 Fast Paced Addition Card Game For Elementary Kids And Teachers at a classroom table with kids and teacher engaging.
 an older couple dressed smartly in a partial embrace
^^^^^^^^^^^^^^^^
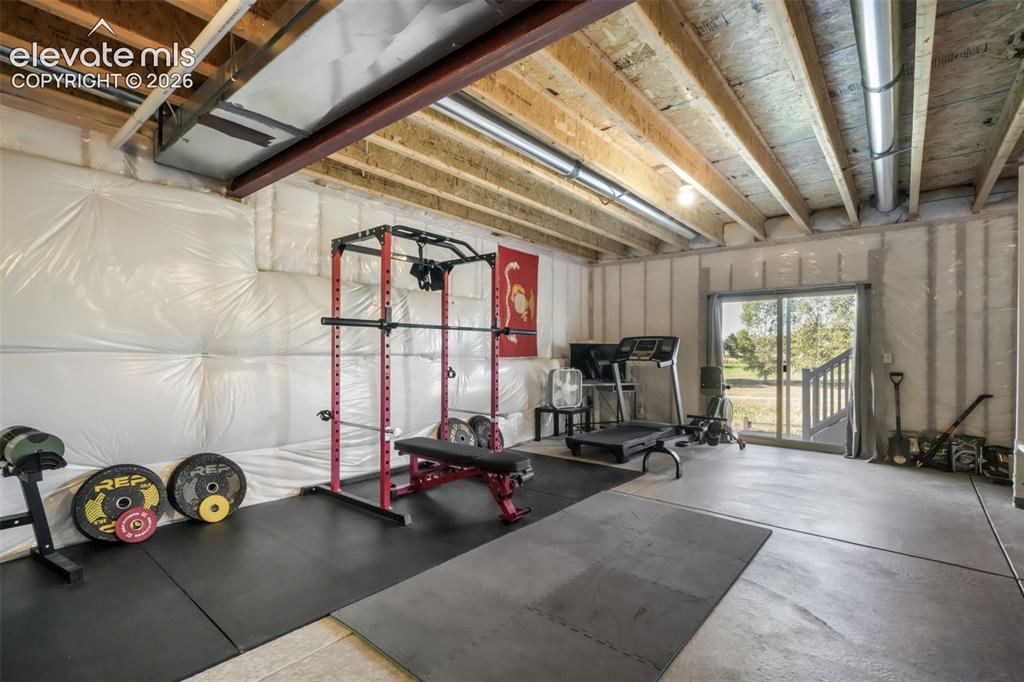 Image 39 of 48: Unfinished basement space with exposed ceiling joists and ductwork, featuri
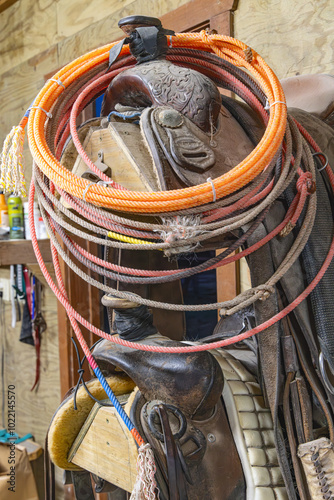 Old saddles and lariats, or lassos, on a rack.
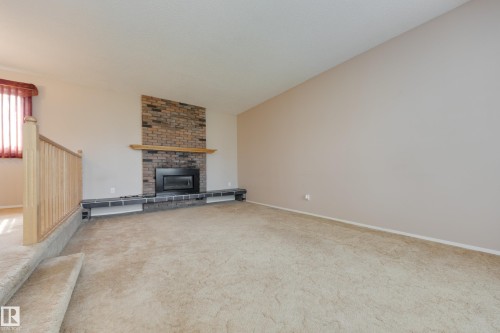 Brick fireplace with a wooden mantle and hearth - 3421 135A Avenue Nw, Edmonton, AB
^^^^^^^^^^^^^^^^
In the listing above, find the line with "Fast Paced Addition" and the line with "an older couple"; output exactly those lines and all lines between them.

> **Task response**
 Fast Paced Addition Card Game For Elementary Kids And Teachers at a classroom table with kids and teacher engaging.
 an older couple dressed smartly in a partial embrace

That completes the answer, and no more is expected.